Question

If ${{\left( x-1 \right)}^{4}}-16=0$, then the sum of non- real complex value of x is:
(a). 2
(b). 0
(c). 4
(d). None of these

Answer 1

Hint: We have to find the complex root of the given equation. The formula that we will use here is ${{i}^{2}}=-1,{{i}^{3}}=-i,{{i}^{4}}=1$ , after finding the two complex root we will add them and that will be the final answer.

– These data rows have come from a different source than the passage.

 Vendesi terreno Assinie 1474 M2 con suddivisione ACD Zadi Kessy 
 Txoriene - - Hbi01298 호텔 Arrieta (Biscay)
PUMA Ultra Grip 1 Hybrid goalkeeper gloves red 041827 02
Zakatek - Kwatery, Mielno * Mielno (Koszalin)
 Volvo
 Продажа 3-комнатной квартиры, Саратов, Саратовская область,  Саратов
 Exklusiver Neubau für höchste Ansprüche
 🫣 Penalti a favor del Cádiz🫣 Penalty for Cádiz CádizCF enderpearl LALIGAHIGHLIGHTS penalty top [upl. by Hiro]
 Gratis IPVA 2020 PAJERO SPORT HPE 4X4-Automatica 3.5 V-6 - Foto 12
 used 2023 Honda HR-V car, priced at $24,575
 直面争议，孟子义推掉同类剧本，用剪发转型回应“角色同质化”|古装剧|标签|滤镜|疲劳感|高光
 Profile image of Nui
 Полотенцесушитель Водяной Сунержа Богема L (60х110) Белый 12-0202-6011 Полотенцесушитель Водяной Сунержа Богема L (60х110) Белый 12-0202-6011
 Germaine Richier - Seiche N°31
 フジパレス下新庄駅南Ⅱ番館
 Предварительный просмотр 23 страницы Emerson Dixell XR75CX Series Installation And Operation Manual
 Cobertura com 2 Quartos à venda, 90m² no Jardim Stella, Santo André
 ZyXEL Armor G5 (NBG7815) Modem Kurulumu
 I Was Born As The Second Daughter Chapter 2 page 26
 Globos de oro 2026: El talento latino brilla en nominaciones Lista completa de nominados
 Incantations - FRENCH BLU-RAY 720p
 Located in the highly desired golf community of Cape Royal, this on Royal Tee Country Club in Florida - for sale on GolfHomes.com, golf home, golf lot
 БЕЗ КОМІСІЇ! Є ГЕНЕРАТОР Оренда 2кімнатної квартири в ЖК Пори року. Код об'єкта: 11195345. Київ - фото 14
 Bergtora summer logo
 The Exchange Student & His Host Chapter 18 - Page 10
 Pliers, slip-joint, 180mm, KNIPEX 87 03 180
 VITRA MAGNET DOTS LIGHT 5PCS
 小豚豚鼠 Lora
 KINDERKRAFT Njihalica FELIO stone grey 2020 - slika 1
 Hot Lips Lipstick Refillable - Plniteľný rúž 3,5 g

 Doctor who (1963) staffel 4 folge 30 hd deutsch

Complete step-by-step answer:

Let’s start our solution.
We have been given ${{\left( x-1 \right)}^{4}}-16=0$
Taking 16 on the other side we get,
${{\left( x-1 \right)}^{4}}=16$
Now we need to find the complex root,
Now we can write 16 as ${{\left( \pm 2i \right)}^{4}}$ because ${{\left( \pm 2 \right)}^{4}}=16$ and we also know that ${{i}^{4}}=1$
Hence, using this two relation we get,
$\begin{align}
  & {{\left( x-1 \right)}^{4}}={{\left( \pm 2i \right)}^{4}} \\
 & x-1=\pm 2i \\
 & x=1\pm 2i \\
\end{align}$
Hence, we have found the two complex root of the equation as 1 + 2i and 1 – 2i
Now adding the complex root we get,
$1+2i+1-2i=2$
Hence, the sum of the complex root of the equation ${{\left( x-1 \right)}^{4}}-16=0$ is 2.
Hence, the correct option is (a).

Note: We can see that the coefficients of the equation are real so the complex root will always occur in a conjugate pair. Conjugate pair of a + ib = a – ib, now the highest power of x is 4, hence the total number of roots will also be 4. We can also see that 2 and -2 are the real roots and hence the other two roots will be complex and it will be a conjugate pair.